- **WHAT IS NEEDED**
Nothing but the lines from the one with "1983 D Roosevelt" through the end of the listing should be reproduced, each exactly and with pictures omitted.

- **RAW DATA**
^^^^^^^^^^^^^^^^
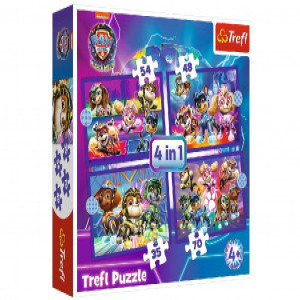 Trefl 34621 Puzzles - 4in1 - Rescue Heroes / VIACOM Paw Patrol : THE MIGHTY MOVIE 2023
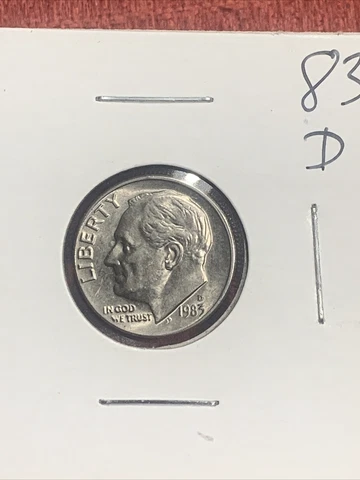 1983 D Roosevelt Dime Uncirculated Free Shipping Cover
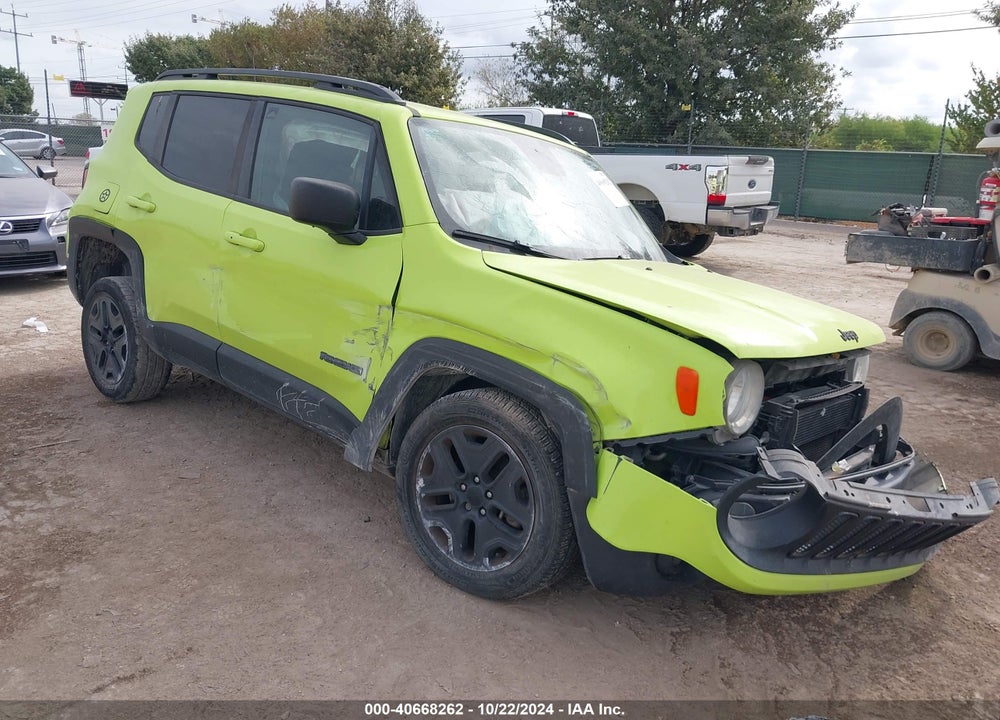 2018 JEEP RENEGADE UPLAND EDITION 4X4 VIN: ZACCJBAB4JPH35307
^^^^^^^^^^^^^^^^
- **SOLVED PROBLEM**
 1983 D Roosevelt Dime Uncirculated Free Shipping Cover
 2018 JEEP RENEGADE UPLAND EDITION 4X4 VIN: ZACCJBAB4JPH35307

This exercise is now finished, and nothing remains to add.